Use autonomy where it earns its keep. Use deterministic workflow where the path is known.
Why it matters
Most production agent systems are not one open-ended agent. They are a mix of workflows, specialised agents, deterministic code, retrieval, tool calls, and human checkpoints. Orchestration decides who does what, in what order, with what state, and how recovery works when a step fails.
Build this
- A task graph or state machine that names each step, owner, timeout, retry policy, and completion condition.
- Durable checkpoints so long-running work can resume without rerunning successful steps.
- Clear boundaries between workflow steps, agent loops, subagents, and deterministic validators.
- Cancellation, compensation, and escalation paths for partial failure.
Watch for
- One general agent asked to manage every step without state or deadlines.
- Retries that repeat non-idempotent actions.
- Subagents with overlapping responsibilities and no conflict resolution.
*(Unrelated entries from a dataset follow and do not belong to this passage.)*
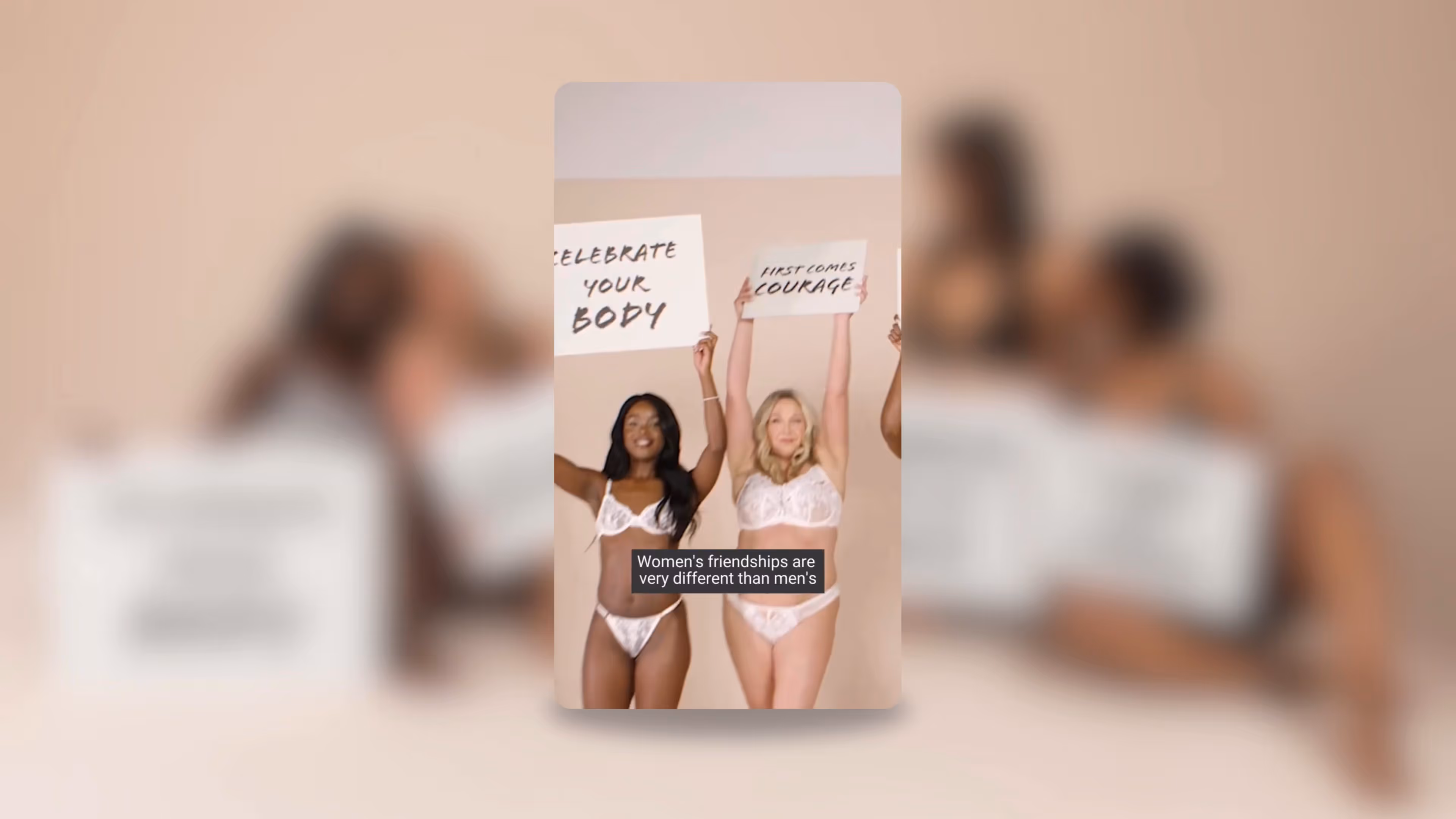 Life is Better in Knickerbox — hero
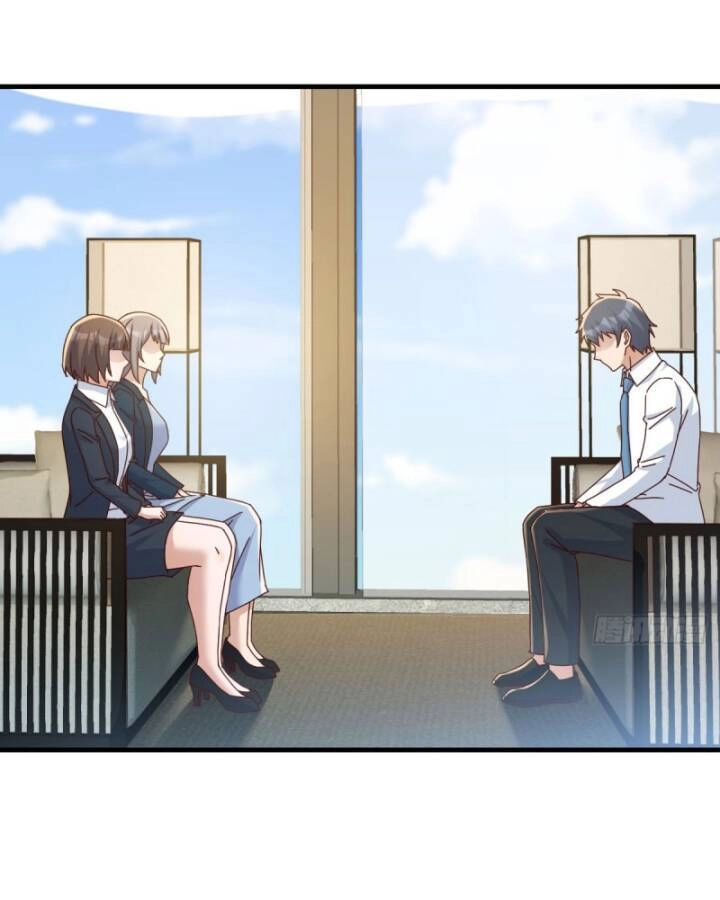 Trong Nhà Có 2 Bạn Gái Song Sinh Chapter 299 - 35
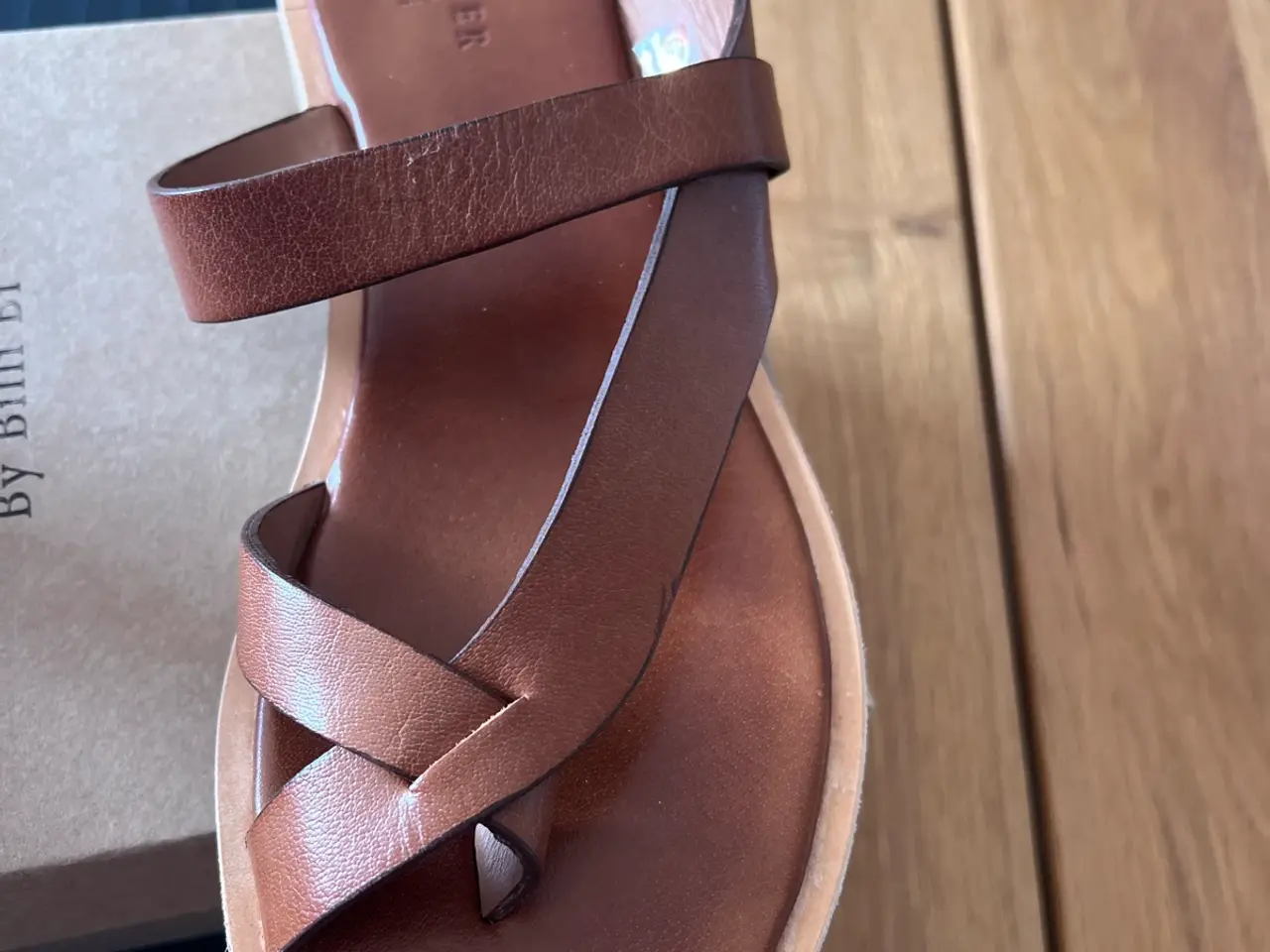 Billede 4 - Billi Bi sandaler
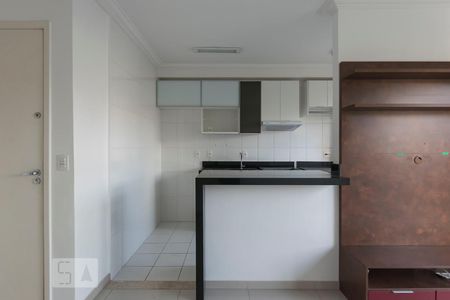 Apartamento para alugar com 63m², 3 quartos e 1 vagaCozinha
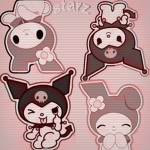s̷t̷a̷r̷z̷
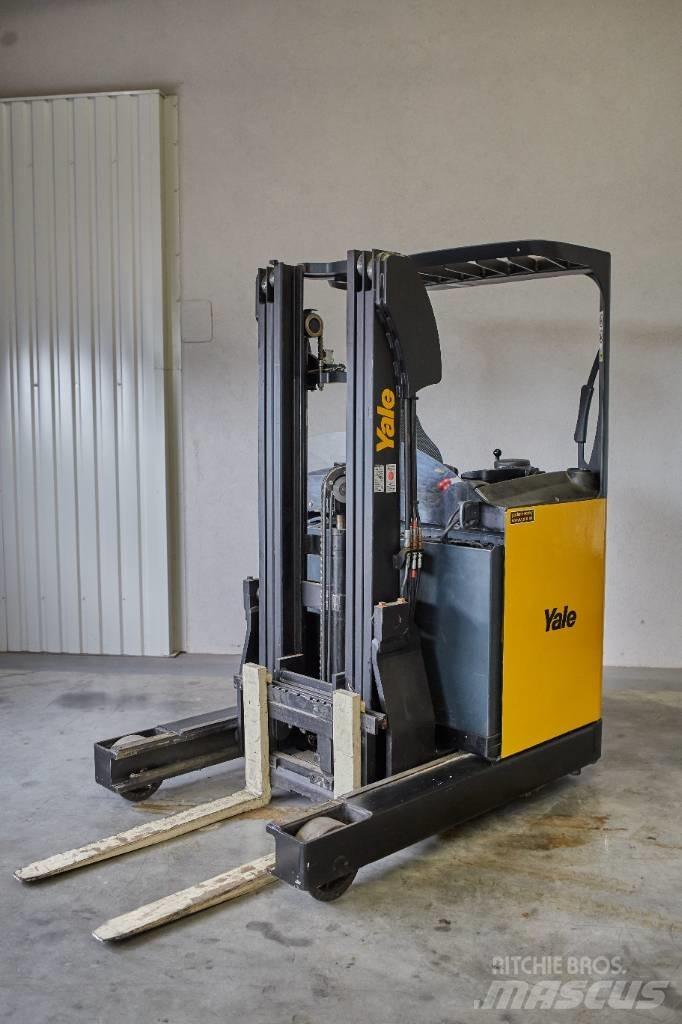 Yale MR14 Electric Forklifts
- Failures hidden inside natural language summaries instead of surfaced as states.
Proof it works
- A task can be paused, resumed, cancelled, and inspected from durable state.
- Each step has an owner, input contract, output contract, and timeout.
- A known tool failure triggers a recoverable path instead of an endless loop.
Implementation checklist
Draw the workflow first, then decide where agent judgement is actually needed.
Make side effects idempotent or guarded by explicit operation IDs.
Persist enough state to explain progress without reading raw logs.
Use specialist agents only when specialisation reduces context or risk.